─── THE INPUT

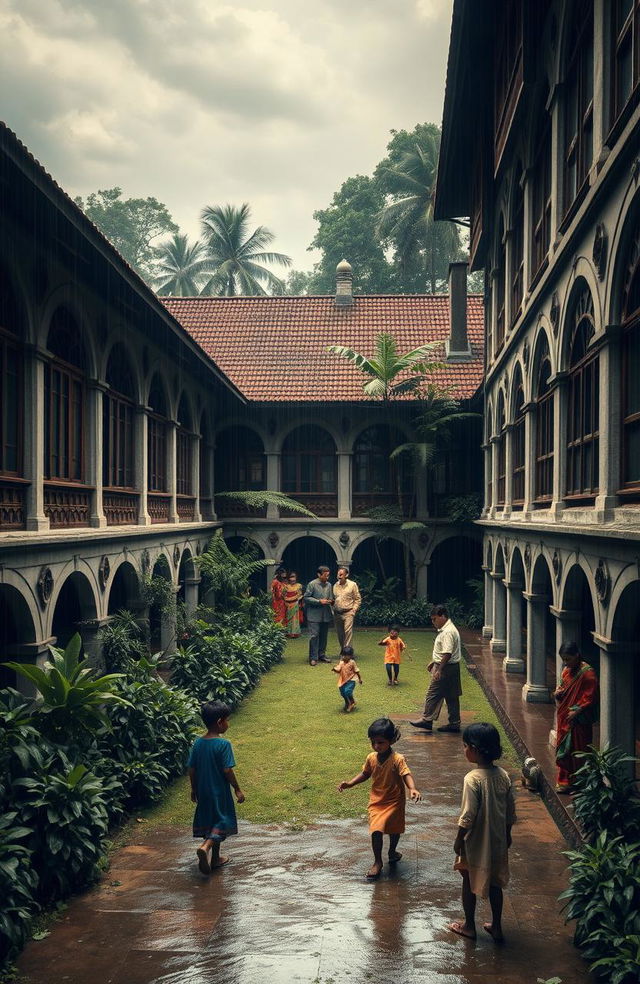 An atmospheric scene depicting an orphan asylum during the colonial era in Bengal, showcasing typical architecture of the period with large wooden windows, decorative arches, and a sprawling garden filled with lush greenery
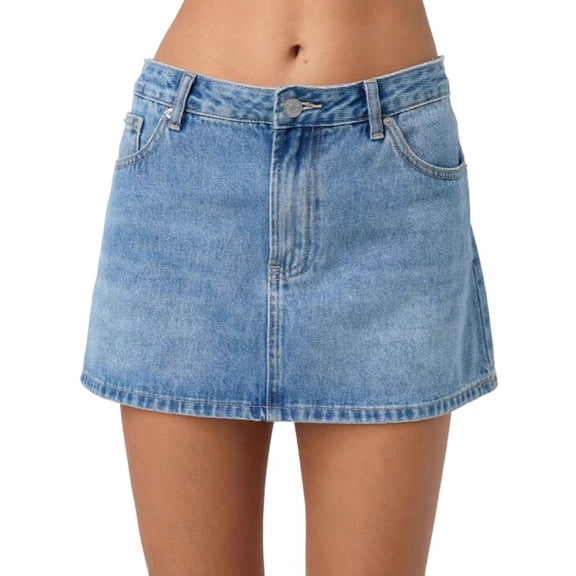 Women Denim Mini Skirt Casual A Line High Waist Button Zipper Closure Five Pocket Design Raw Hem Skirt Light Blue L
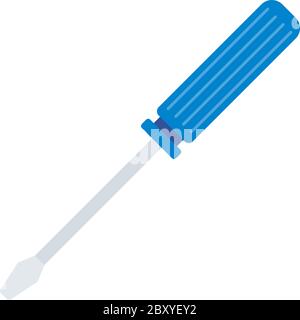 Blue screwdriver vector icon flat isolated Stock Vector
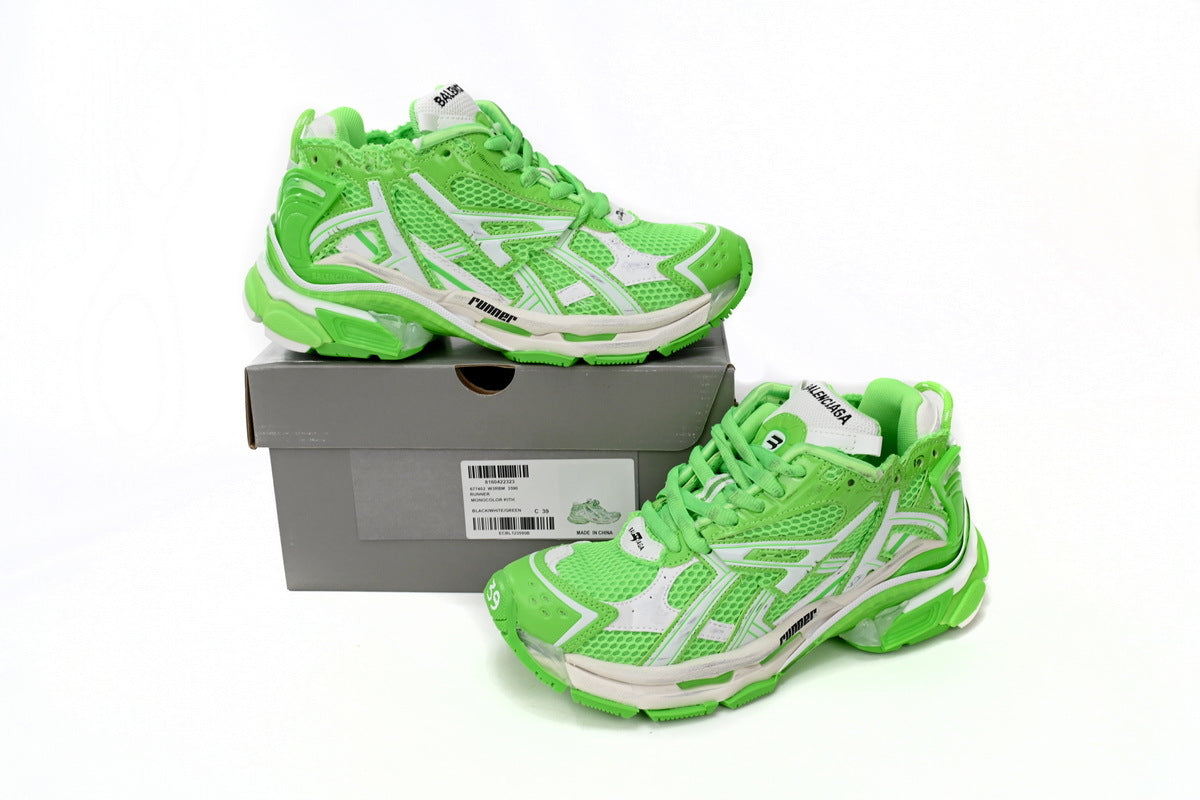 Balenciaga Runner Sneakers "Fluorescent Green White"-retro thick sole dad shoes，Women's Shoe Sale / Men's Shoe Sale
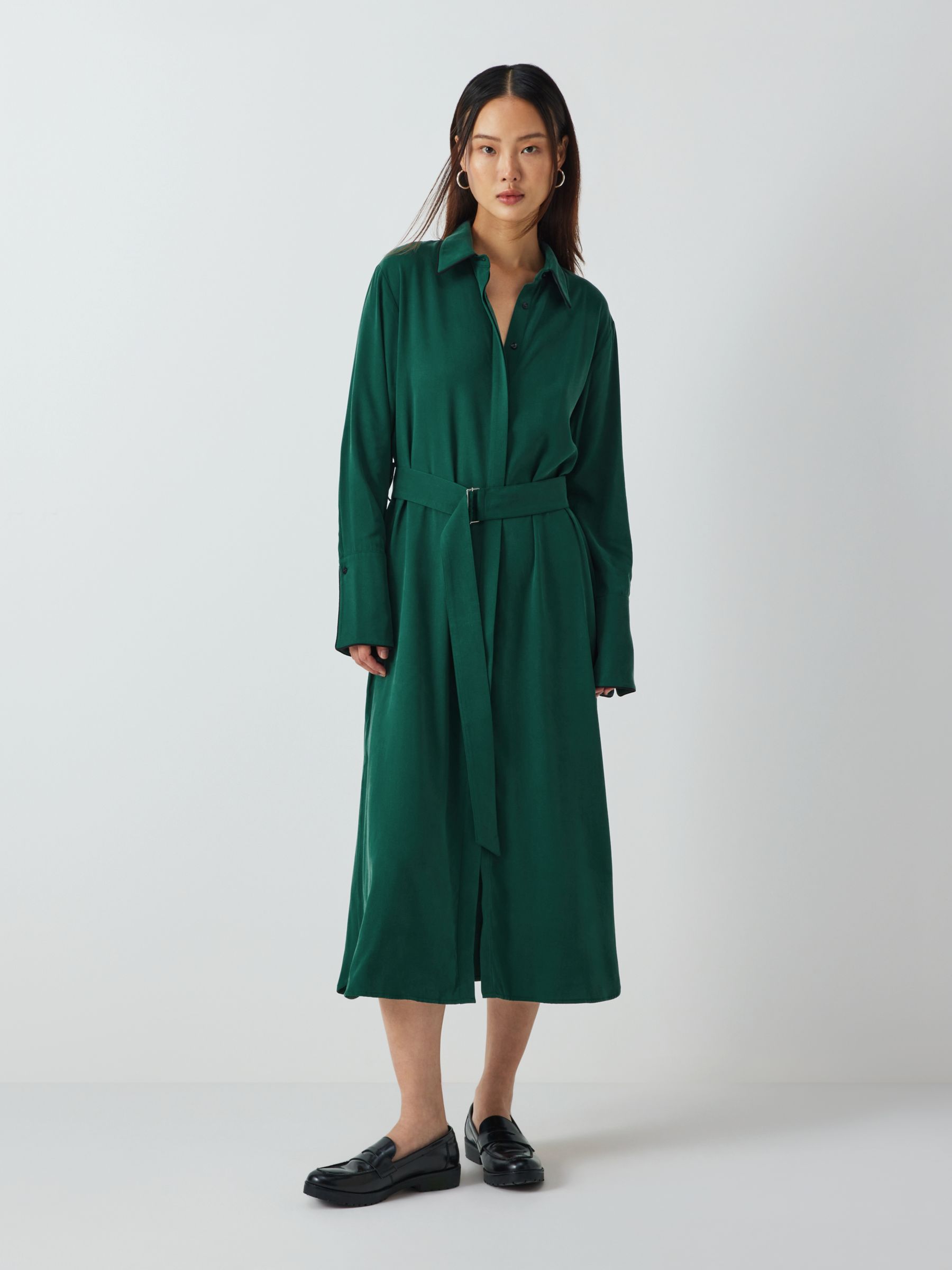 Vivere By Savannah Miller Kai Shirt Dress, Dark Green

──────
─── THE INPUT

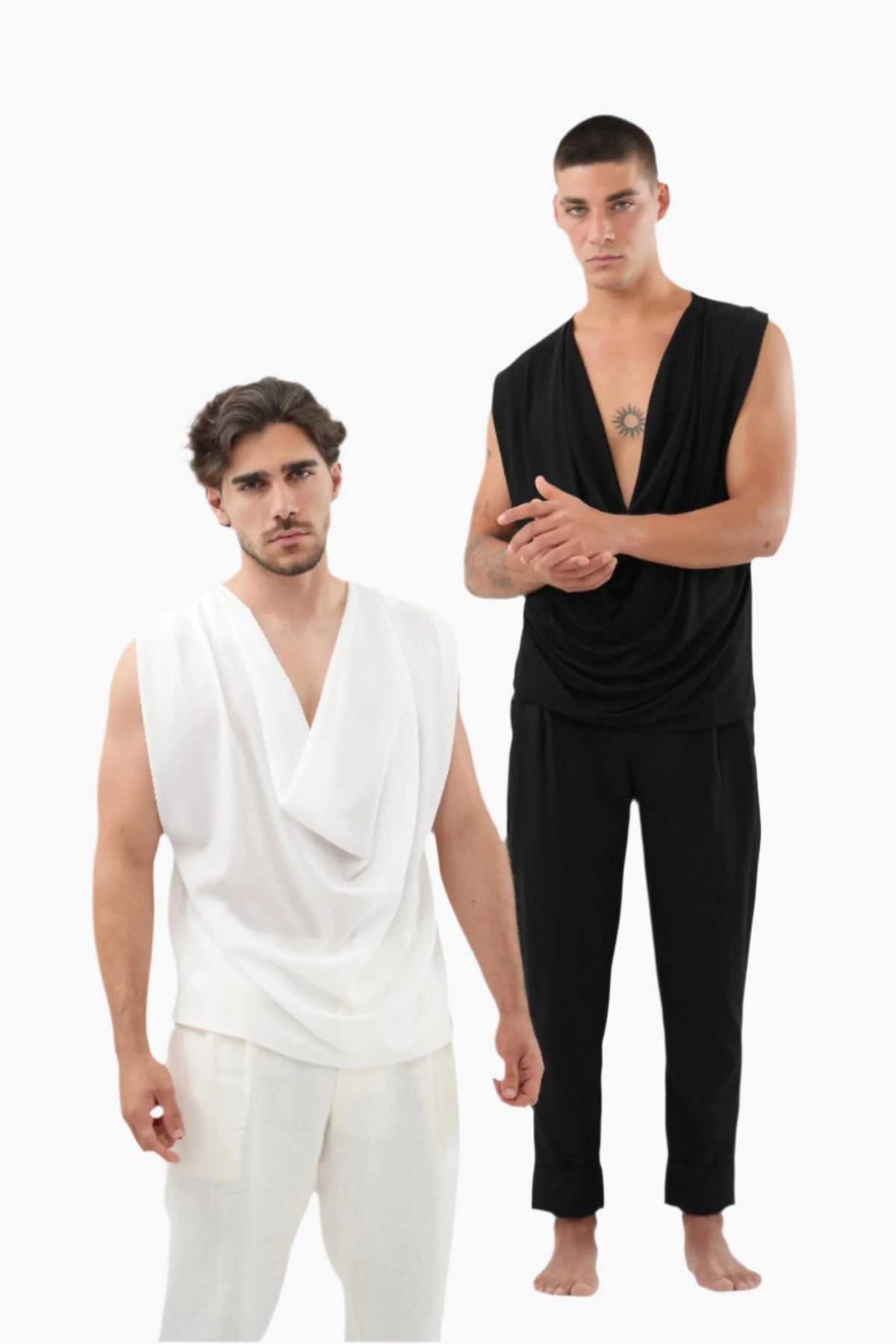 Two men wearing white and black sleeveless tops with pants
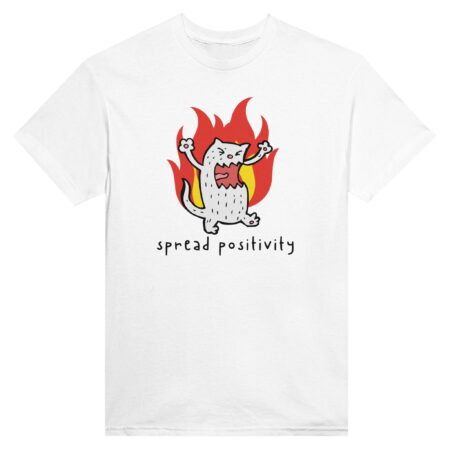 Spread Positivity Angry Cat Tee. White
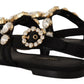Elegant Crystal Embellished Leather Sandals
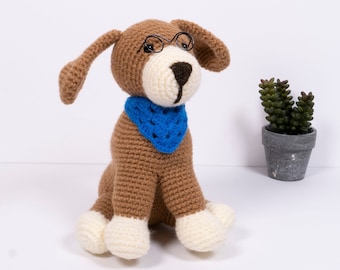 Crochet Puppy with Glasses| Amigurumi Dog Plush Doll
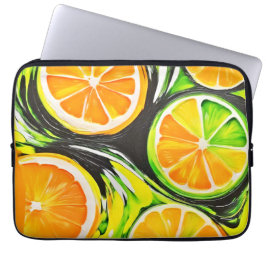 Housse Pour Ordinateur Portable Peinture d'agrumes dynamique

──────

WHAT IS BEING ASKED:
Would you copy out, exactly and with no pictures, only the lines above from the one that contains "Women Denim Mini" through the one that contains "Vivere By Savannah"?

SOLUTION FOR THIS PROBLEM:
 Women Denim Mini Skirt Casual A Line High Waist Button Zipper Closure Five Pocket Design Raw Hem Skirt Light Blue L
 Blue screwdriver vector icon flat isolated Stock Vector
 Balenciaga Runner Sneakers "Fluorescent Green White"-retro thick sole dad shoes，Women's Shoe Sale / Men's Shoe Sale
 Vivere By Savannah Miller Kai Shirt Dress, Dark Green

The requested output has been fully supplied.